Start of Collected material

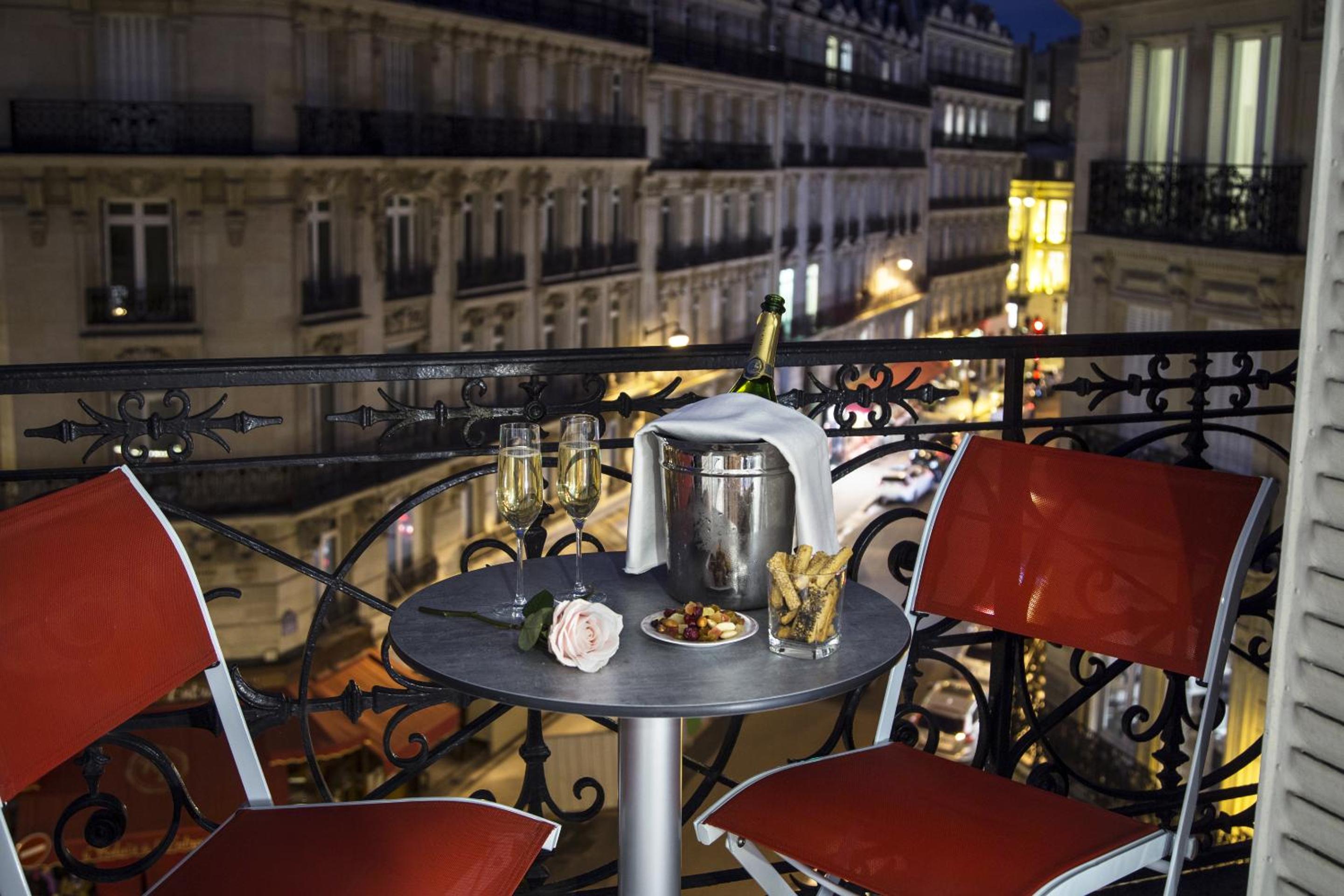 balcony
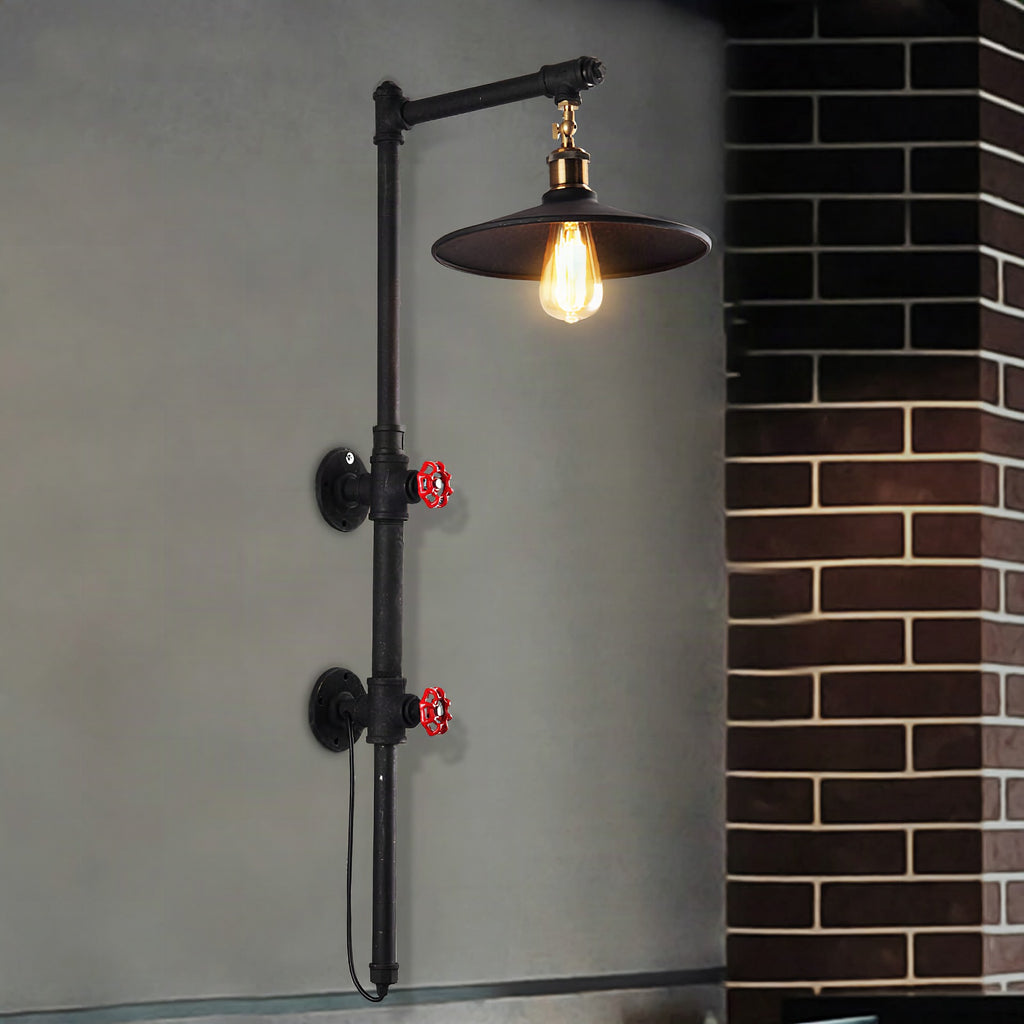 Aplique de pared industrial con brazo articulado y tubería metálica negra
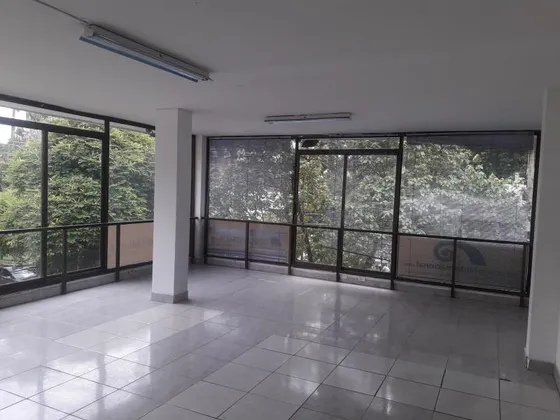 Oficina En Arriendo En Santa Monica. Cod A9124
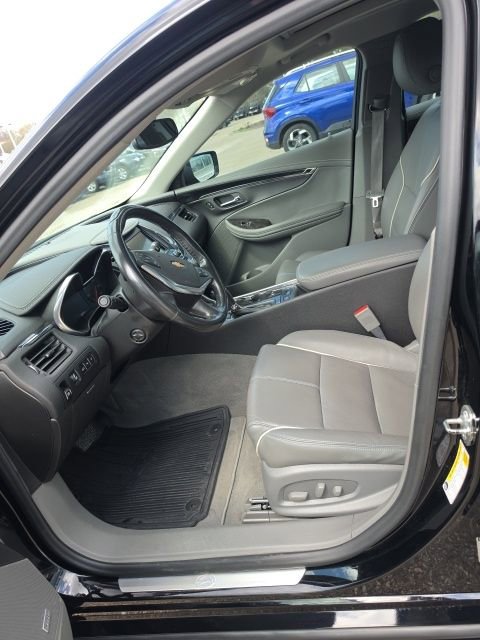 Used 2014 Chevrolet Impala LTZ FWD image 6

End of Collected material

# Problem requirements
What is needed is an exact reproduction of the data, pictures excluded.

# Your solution
 balcony
 Aplique de pared industrial con brazo articulado y tubería metálica negra
 Oficina En Arriendo En Santa Monica. Cod A9124
 Used 2014 Chevrolet Impala LTZ FWD image 6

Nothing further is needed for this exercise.